Fazzalari was a leading figure in 'Ndrangheta, now considered the most powerful of Italy's crime syndicates.

He was the second most-wanted mafia fugitive after "superboss" Matteo Messina Denaro, a suspected leader of the Sicilian mafia, Cosa Nostra.

On the run since 1996, Fazzalari was convicted in absentia in 1999 of mafia association, kidnapping, illegal possession of weapons and a double homicide linked to a bloody 1989-91 feud which left 32 people dead in his home town of Taurianova.

Federico Cafiero De Raho, Calabria's chief anti-mafia prosecutor, said it was hugely significant that Fazzalari had been captured on home turf.

"Taurianova is a place where the clans control every clod of earth," he said.

"He felt safe. That is why he was found with only his girlfriend and no bodyguard. He thought he was protected on his own turf, that he would be warned if he was in danger.

"But no alarm came. The investigation proceeded without him hearing a whisper. In the past people were afraid to talk but now I think the situation has changed.

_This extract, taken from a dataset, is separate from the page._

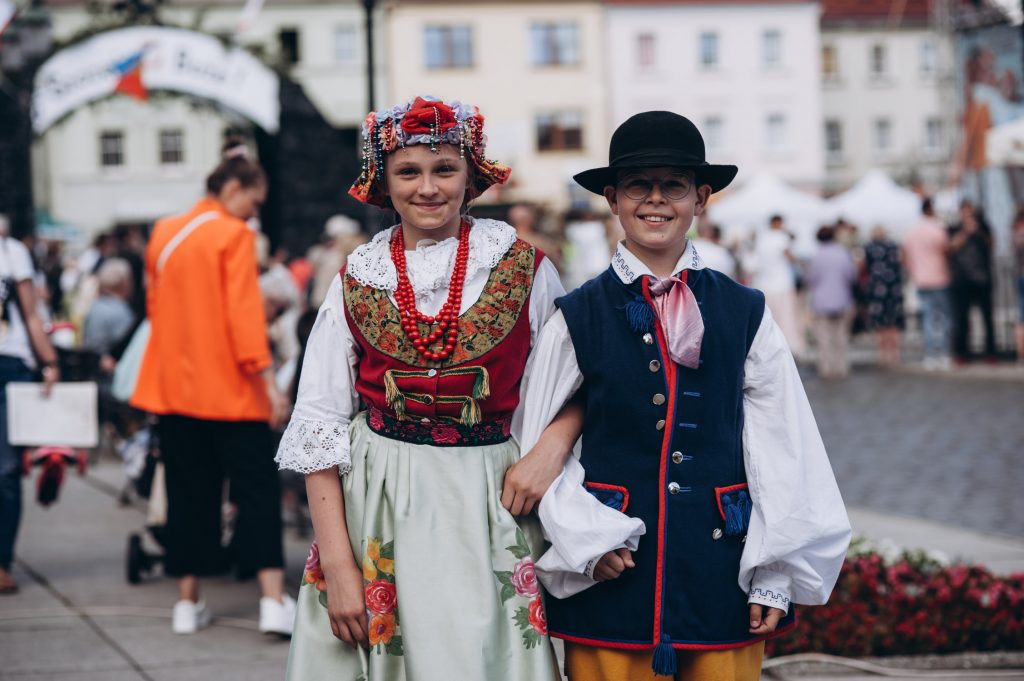 para dzieci w strojach śląskich pozuje do fotografii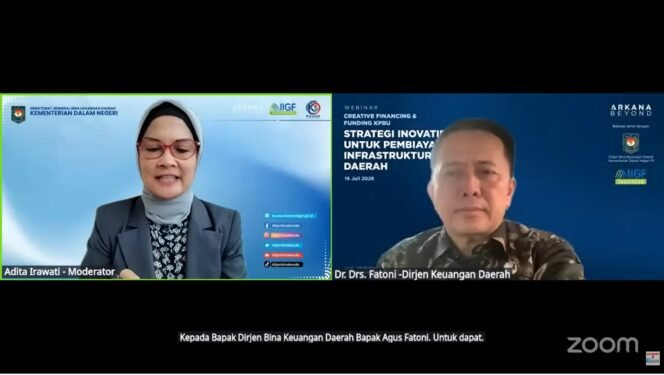 
					Direktur Jenderal Bina Keuda Kemendagri Agus Fatoni saat membuka Webinar Series Creative Financing and Funding KPBU dengan tema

"We have accountants and business people prepared to give evidence because they know there are judges and police who are on their side."

Interior Minister Angelino Alfano said: "This shows that you cannot run from justice. These are the kind of victories that encourage and support us in the difficult but winnable fight against organised crime."

Notoriously ruthless, the 'Ndrangheta has surpassed the notorious Cosa Nostra and the Naples-based Camorra thanks to the wealth it has amassed as the principal importer and wholesaler of cocaine produced in Latin America and smuggled into Europe via north Africa and southern Italy.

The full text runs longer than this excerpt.